> [Provided data]:
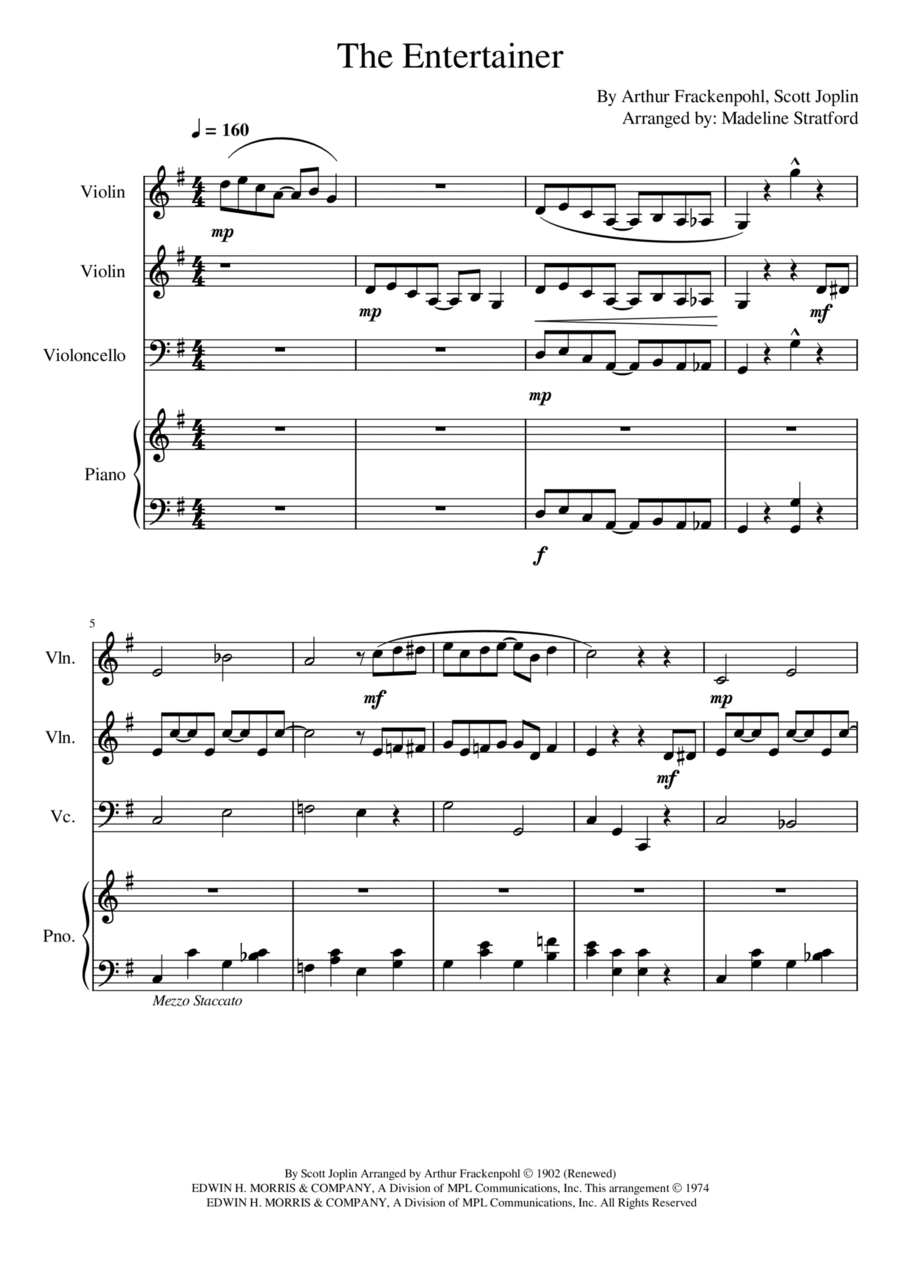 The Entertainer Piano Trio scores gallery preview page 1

...

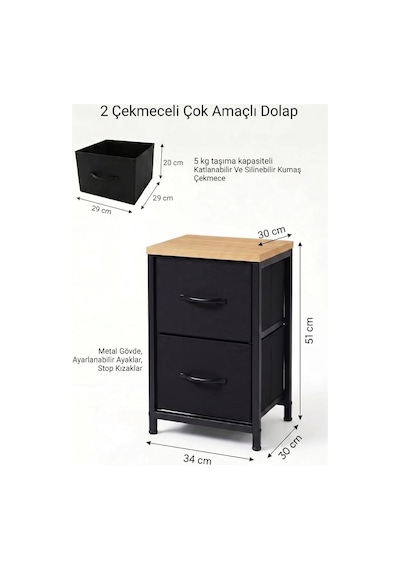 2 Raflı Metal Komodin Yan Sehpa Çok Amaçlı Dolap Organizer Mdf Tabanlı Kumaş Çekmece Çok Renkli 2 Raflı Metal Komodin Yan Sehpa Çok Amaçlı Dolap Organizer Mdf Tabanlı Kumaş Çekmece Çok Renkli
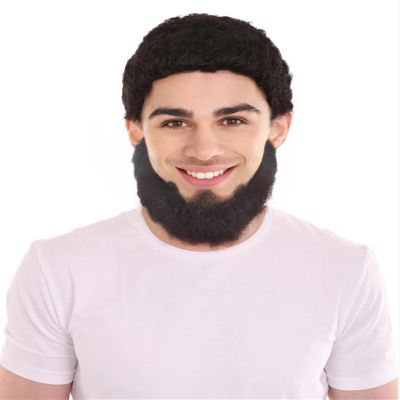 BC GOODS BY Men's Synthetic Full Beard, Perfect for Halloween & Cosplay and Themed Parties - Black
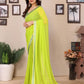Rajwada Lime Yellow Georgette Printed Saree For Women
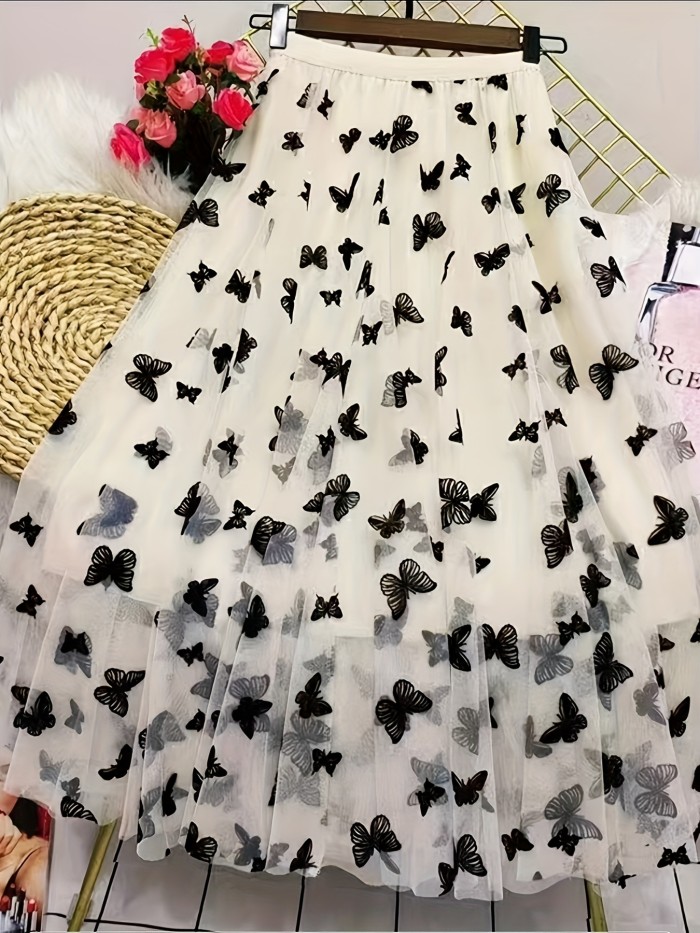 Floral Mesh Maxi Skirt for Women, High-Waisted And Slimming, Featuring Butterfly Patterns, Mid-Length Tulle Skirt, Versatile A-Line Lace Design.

> [Try it]: Excluding any pictures, print exactly the lines of the listing above from the line with "Çok Renkli 2" to the line with "Floral Mesh Maxi", both ends included.

> [Your response]:
 2 Raflı Metal Komodin Yan Sehpa Çok Amaçlı Dolap Organizer Mdf Tabanlı Kumaş Çekmece Çok Renkli 2 Raflı Metal Komodin Yan Sehpa Çok Amaçlı Dolap Organizer Mdf Tabanlı Kumaş Çekmece Çok Renkli
 BC GOODS BY Men's Synthetic Full Beard, Perfect for Halloween & Cosplay and Themed Parties - Black
Rajwada Lime Yellow Georgette Printed Saree For Women
 Floral Mesh Maxi Skirt for Women, High-Waisted And Slimming, Featuring Butterfly Patterns, Mid-Length Tulle Skirt, Versatile A-Line Lace Design.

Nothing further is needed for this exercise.